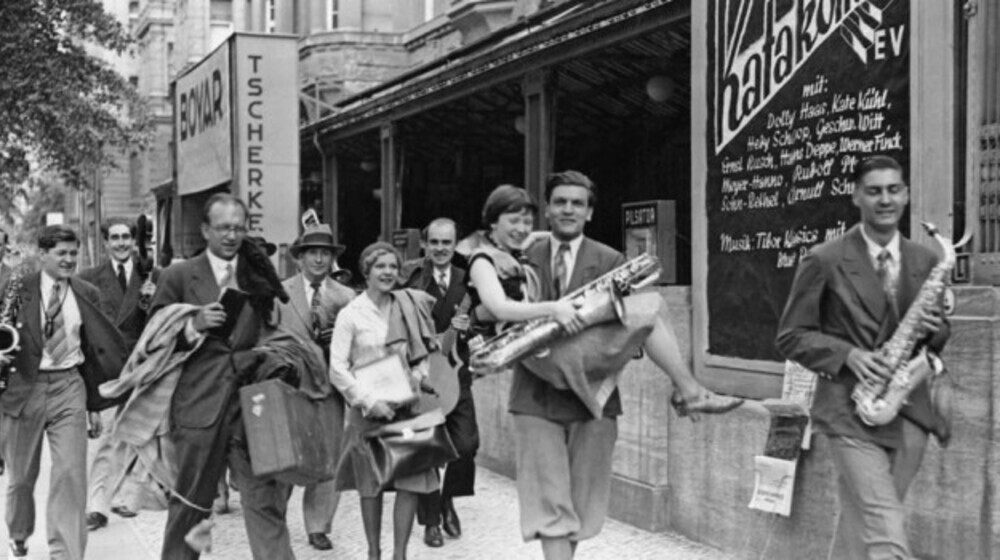 Веймарский мир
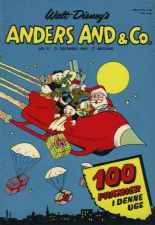 Anders And & Co. Nr. 51 - 1965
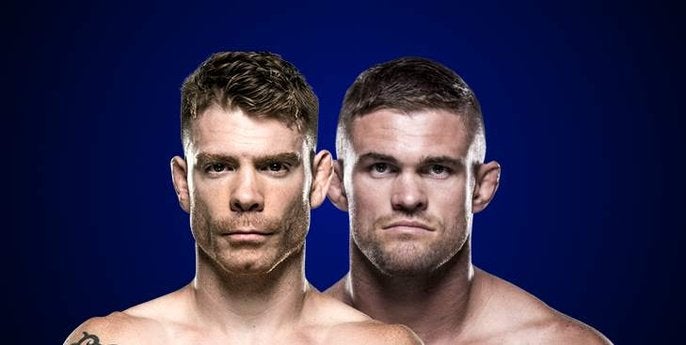 Daron Cruickshank x Paul Felder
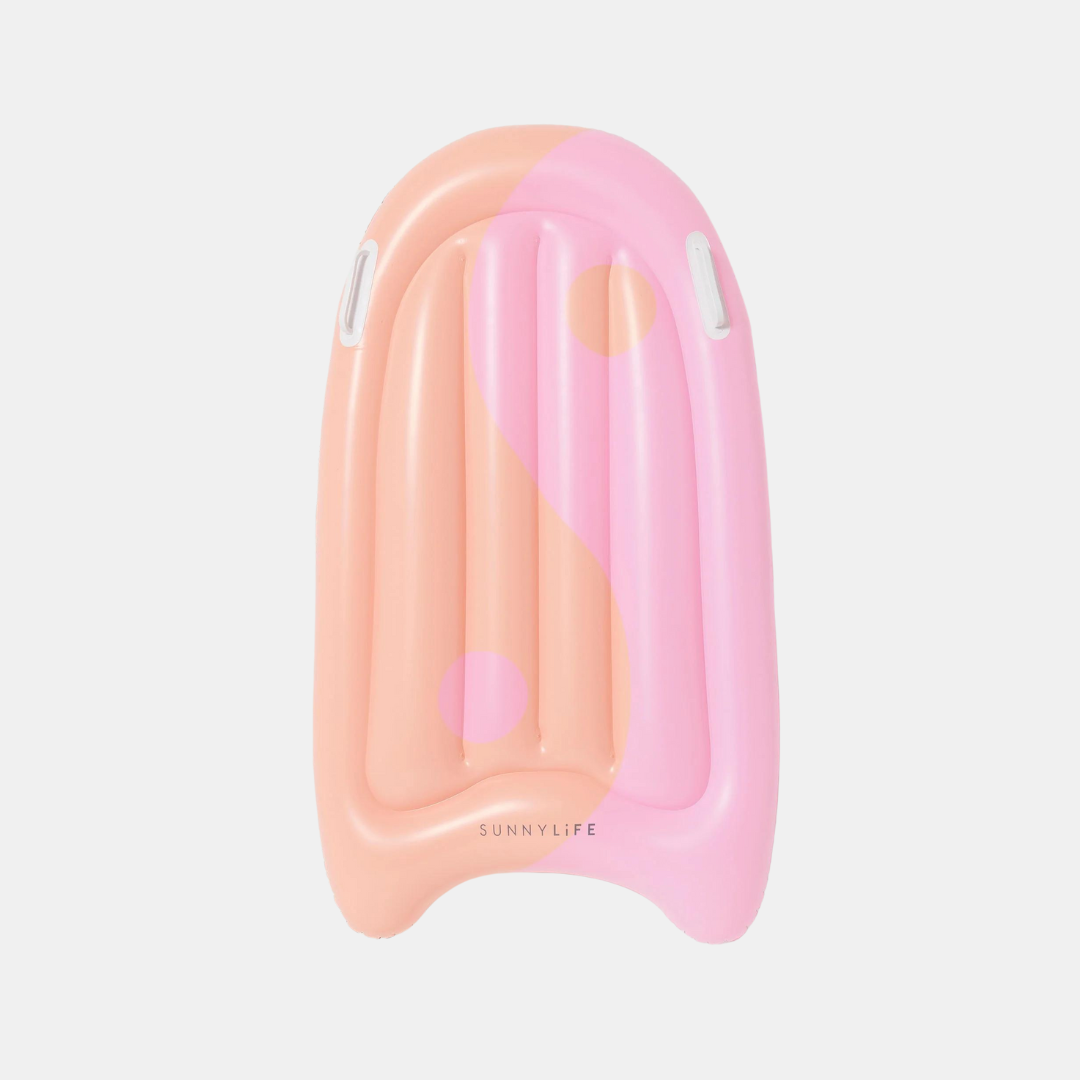 Inflatable Body Board - Summer Sherbet Multi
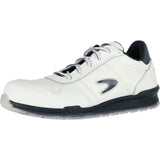 Cofra Nuvolari Running S3 Sicherheitshalbschuhe weiß – weiß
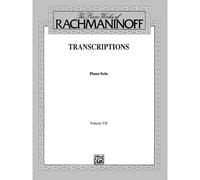 Transcriptions Volume Vii / Recueil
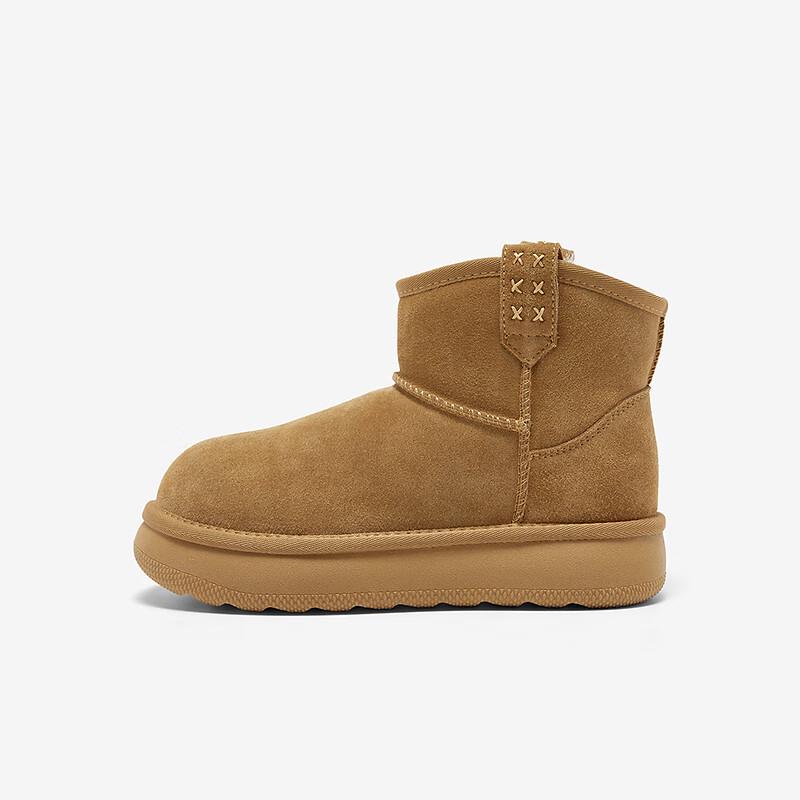 Женские зимние утепленные шерстью снегоступы Bata 52631DD5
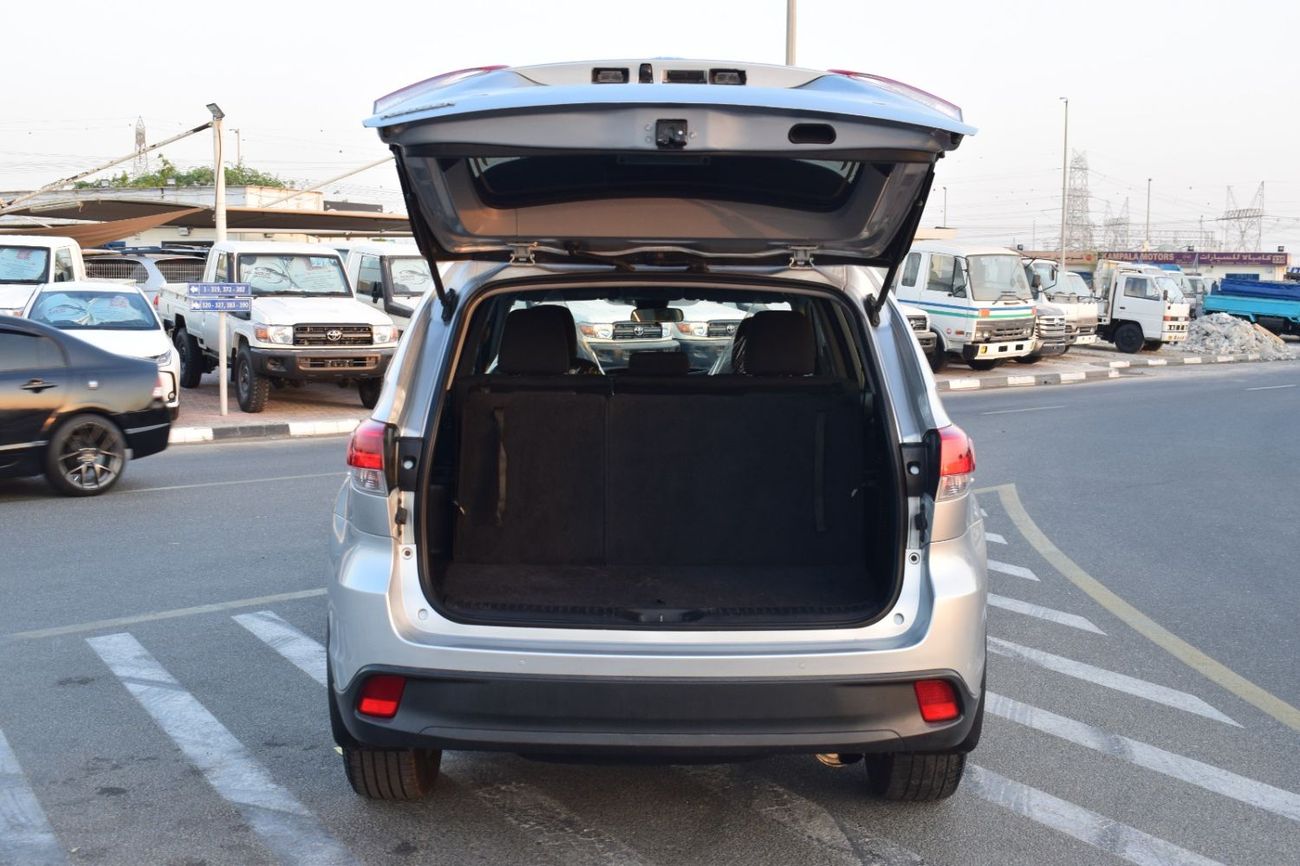 تويوتا كلوجير 2018 TOYOTA KLUGER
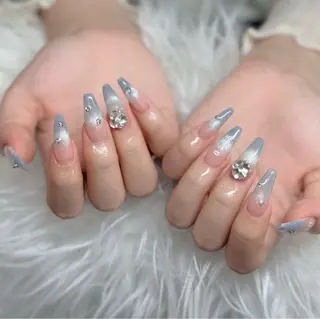 ネイル Hani Nail XUKAのネイルデザイン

What this task involves
In the records above, find the line that contains "Transcriptions Volume Vii / Recueil". Print it and every later line exactly, omitting the pictures.

Solution for this exercise
 Transcriptions Volume Vii / Recueil
 Женские зимние утепленные шерстью снегоступы Bata 52631DD5
 تويوتا كلوجير 2018 TOYOTA KLUGER
 ネイル Hani Nail XUKAのネイルデザイン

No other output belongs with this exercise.